Recently updating from 6.5.3 to 6.6.1, I started running into a situation where at least one of my Heavy Forwarders would intermittently stop sending data. The Heavy Forwarder is on a RedHat 6.x system, virtualized, with the latest patches.
After reading some answers, I found the command:
./bin/splunk _internal call /services/admin/inputstatus/TailingProcessor:FileStatus
Which for at least one of the files output the following:
<s:key name="/var/log/aruba/controller1.log"> <s:dict> <s:key name="file position">22440152</s:key> <s:key name="file size">20726882</s:key> <s:key name="parent">/var/log/aruba/*.log</s:key> <s:key name="percent">108.27</s:key> <s:key name="type">open file</s:key> </s:dict> </s:key>
I figure it being over 100% read is odd. When it got into this state, I checked the metrics in _internal for this monitored file and they had stopped recording. With RedHat, I use 'logrotate', running on an hourly schedule. The change from the file being read to stopping seems to have occurred on the hour. It would stop working for 1-3 hours, then suddenly start reading again all by itself. It's worked before with 6.5.3, but not with 6.6.1. I downgraded last night to 6.5.3 on this one Heavy Forwarder, and it's back to working again, so I've eliminated logrotate and other OS patches.

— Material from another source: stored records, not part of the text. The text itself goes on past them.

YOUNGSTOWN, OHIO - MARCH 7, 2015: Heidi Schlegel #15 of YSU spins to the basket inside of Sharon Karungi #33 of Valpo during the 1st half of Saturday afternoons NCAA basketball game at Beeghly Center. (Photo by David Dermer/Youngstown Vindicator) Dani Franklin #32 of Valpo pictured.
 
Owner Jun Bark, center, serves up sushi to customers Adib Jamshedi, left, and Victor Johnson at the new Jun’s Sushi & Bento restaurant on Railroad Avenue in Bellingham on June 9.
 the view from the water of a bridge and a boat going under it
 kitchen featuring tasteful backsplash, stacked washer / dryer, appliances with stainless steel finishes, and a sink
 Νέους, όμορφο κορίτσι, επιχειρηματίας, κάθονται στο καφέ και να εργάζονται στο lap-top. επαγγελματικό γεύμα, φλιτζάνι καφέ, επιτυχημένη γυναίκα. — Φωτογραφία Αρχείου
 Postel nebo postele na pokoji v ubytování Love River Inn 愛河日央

Can anyone advise on some other things to try with 6.6.1 to see if there's some new setting I should be using?
I think I have the same problem, or at least so similar it might as well be the same.
I have a CentOS 6.x HF that receives data via rsyslog and writes that data to different dated files based on filters. So logs from routers would be saved in a file called yyyy-mm-dd-rtrs.log. After I upgraded on Sept 9, all those feeds stopped (and more annoying, all my alerts for missing data didn't work... argh). All files labeled 2017-09-08-xxx.log are indexed. All files labeled 2017-09-09-xxx.log and later are not.
Please keep us updated on this issue.
We do have a case open with Splunk on this, and it is a noted bug now. My customer was running the case with support, so I do not have the JIRA for it, but they did offer a hotfix, so I think this may be fixed in either 6.6.3 or whenever 6.6.4 comes out.
Sorry for the delay. Splunk's response wasn't great. I basically had to write a "restart" into my log rotation script. It might be fixed with the 7.x series now, but I haven't had the time to go back and check.